Aging beer for a long period of time will definitely soften the total hop profile (first aroma, flavor and then bittering) With a beer that is still fermenting on wild yeasts, the hops fade away significantly. Not necessarily, but in general, two things will make for a better aged beer, alcohol and hop bitterness. So if you are considering no hops, I would recommend that some bittering hops get added.

I would really like to hear more about your herbal beer adventures. Sounds like we may have some ideas in common. I will be getting around to posting my 4-herbal beer results pretty soon, and that goes for a good handful of beers as well.

Are you in Chicago? Definitely would like to hook-up.

Helge said...

Ted,
I ride for Half Acre and I wanted to ask you a couple questions about homebrew here in Chicago (new to the city)!

Shoot me an email:
hfpedersen at gmail

muehlbucks said...

Ted - this blog rules. I started brewing again a few months ago after a several year hiatus. I'm trying to organize/host a homebrew party/tasting sometime this summer in Chicago. I've been making some pretty tasty brews with a buddy that I'd like to share and I'd be very interested to try yours.

Cheers,

Eric

Ted Danyluk said...

Helge, I look forward to keeping in touch with you, and would be happy to have you along on a brewday soon.

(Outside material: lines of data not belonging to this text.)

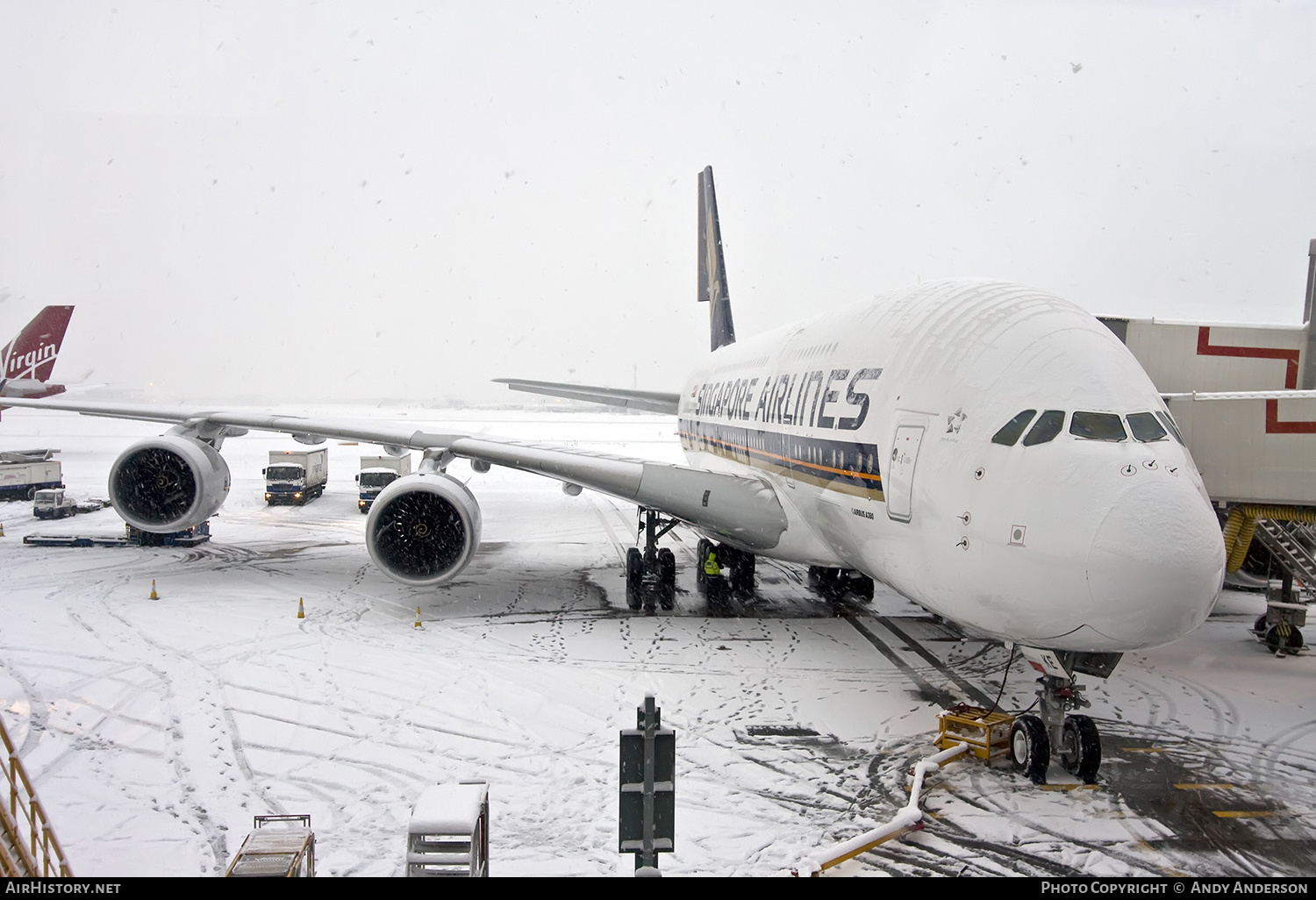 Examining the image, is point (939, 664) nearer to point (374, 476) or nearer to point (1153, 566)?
point (1153, 566)

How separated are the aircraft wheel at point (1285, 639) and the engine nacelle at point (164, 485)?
17262mm

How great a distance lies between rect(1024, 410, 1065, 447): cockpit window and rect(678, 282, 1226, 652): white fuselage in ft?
0.15

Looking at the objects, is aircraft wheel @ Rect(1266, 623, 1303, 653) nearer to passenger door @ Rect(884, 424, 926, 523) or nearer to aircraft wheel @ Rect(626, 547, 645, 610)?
passenger door @ Rect(884, 424, 926, 523)

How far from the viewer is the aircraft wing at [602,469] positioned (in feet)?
37.5

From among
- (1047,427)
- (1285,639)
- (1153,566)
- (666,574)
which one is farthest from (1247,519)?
(666,574)

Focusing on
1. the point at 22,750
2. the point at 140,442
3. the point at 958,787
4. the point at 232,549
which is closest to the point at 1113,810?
the point at 958,787

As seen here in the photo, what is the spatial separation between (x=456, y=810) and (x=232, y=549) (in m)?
15.5

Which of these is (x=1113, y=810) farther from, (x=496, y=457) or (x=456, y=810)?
(x=496, y=457)

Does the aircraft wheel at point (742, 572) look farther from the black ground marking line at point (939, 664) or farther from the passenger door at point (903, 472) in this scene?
the passenger door at point (903, 472)

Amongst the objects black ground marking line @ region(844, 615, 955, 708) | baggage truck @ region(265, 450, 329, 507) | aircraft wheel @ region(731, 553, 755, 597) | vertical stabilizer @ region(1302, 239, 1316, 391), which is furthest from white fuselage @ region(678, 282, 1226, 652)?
baggage truck @ region(265, 450, 329, 507)

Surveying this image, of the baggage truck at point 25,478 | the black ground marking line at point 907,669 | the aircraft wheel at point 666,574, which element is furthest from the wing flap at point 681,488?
the baggage truck at point 25,478

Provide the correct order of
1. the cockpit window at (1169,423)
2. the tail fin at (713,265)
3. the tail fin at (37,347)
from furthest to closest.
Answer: the tail fin at (37,347)
the tail fin at (713,265)
the cockpit window at (1169,423)

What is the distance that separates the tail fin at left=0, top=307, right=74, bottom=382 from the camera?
31.8 m

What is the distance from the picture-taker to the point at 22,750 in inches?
292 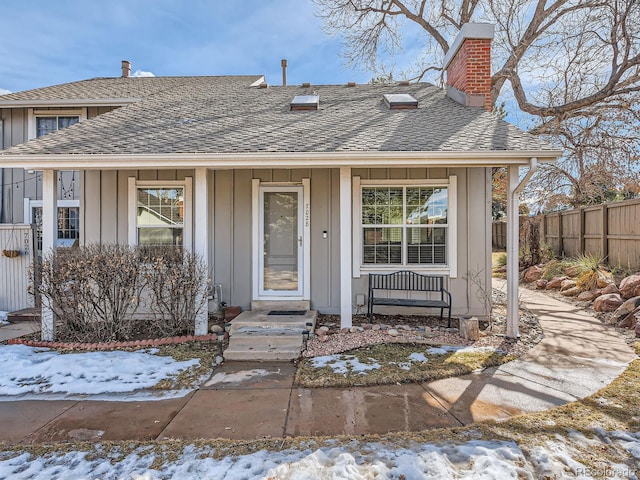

Thanks a lot Eric. I really appreciate hearing your enthusiasm.

I would be more than happy to bring some brews along for that. Please let me know in advance, so I can set more aside.

I was also wanted to celebrate this rewarding hobby by hosting a Chicago Homebrewer's Tasting event. Knowing a couple handful of brewers would definitely make for a pretty large gathering.